The church got its start in a classroom offered by schoolteacher Frances Church as a meeting place for Episcopal services.
Church history says the name St. John came after the death of the Rev. Walter C. Guerry. Guerry had been ordained on St. John the Baptist Day and took the text for his first – and only – sermon from the Gospel of John. But Guerry became ill and died within weeks of that sermon, and the church chose the name St. John in his honor.
The church’s first building was a few blocks away on the other side of what would become downtown Florence, but that structure was damaged by an earthquake in 1886.
The current building on Dargan Street between Evans and Palmetto was designed by Silas McBee and built with stone from Anson Quarries in Wadesboro, N.C. The first service was held in the building just before Christmas 1889, though the building was not completed for another year.
In the early 20th century, the church’s pastor, the Rev. Harold Thomas, set about creating missions within the parish to minister to railroad workers and children living in East Florence. Thomas left St. John’s, then returned a few years later and shocked the congregation by using a motorcycle to get to various far-flung missions within the parish. His missionary zeal was infectious, and the church congregation grew to more than 250 by 1911.
Thomas stayed at St. John’s until 1917 and was followed by Wilmer Poyner, who served nearly 30 years and had such an impact on the community that a local school was named for him. Now the Poyner Adult Education Center in Florence, the school can be seen from the churchyard.

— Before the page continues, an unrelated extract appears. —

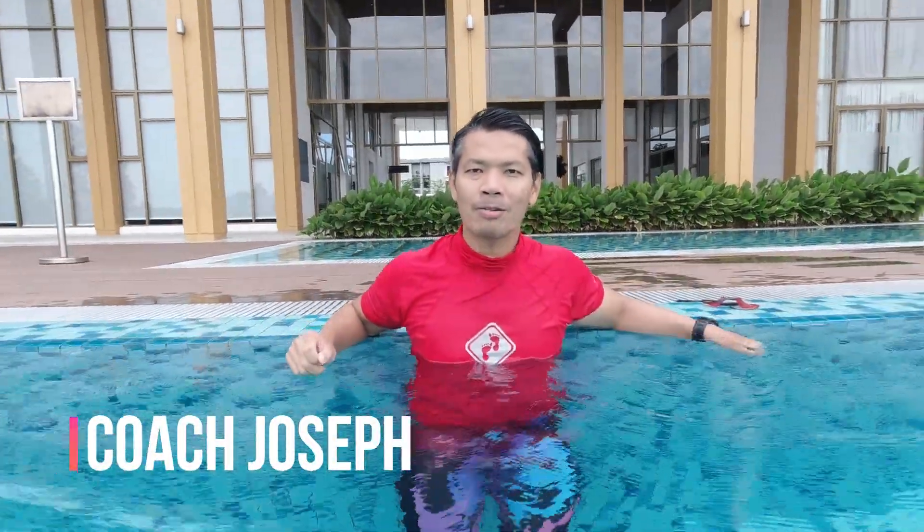This is Coach Joseph. In today's episode, we're going to talk about flip turn or tumble turn.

During Poyner’s term, congregants decided to add a parish house in 1922 rather than build a new church. The parish house was dedicated to the memory of Frances Church, who offered up the first meeting space.
It was also during this time (1928) that William Guerry, nephew of St. John’s first rector, a former St. John’s rector himself and bishop of the Episcopal Diocese of South Carolina, was shot by an angry priest and later died.

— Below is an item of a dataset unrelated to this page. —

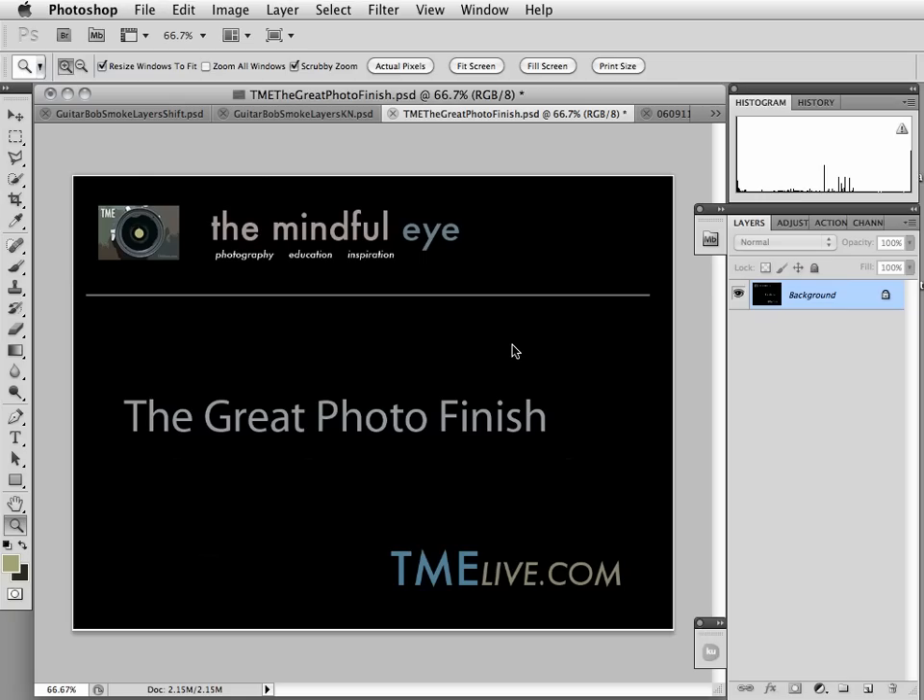Hi everybody, this is Craig Tanner for The Mindful Eye and The Great Photo Finish. You're coming here because you've hit a link in the information document for my Great Photo Finish tutorial on a portrait I made of Guitar Bob on a smoke break at the end of a photo shoot.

That priest, who also shot and killed himself, was angry over Guerry’s efforts to minister to black congregants within the Episcopal Church. It was a battle that would race inside and outside the church, South Carolina and the rest of the nation for the better part of the next 50 years.
Poyner saw St. John’s through both world wars and the Great Depression. He retired in 1946.
While St. John’s building has undergone several renovations over its nearly 150 years, the church today retains its 19th century beauty.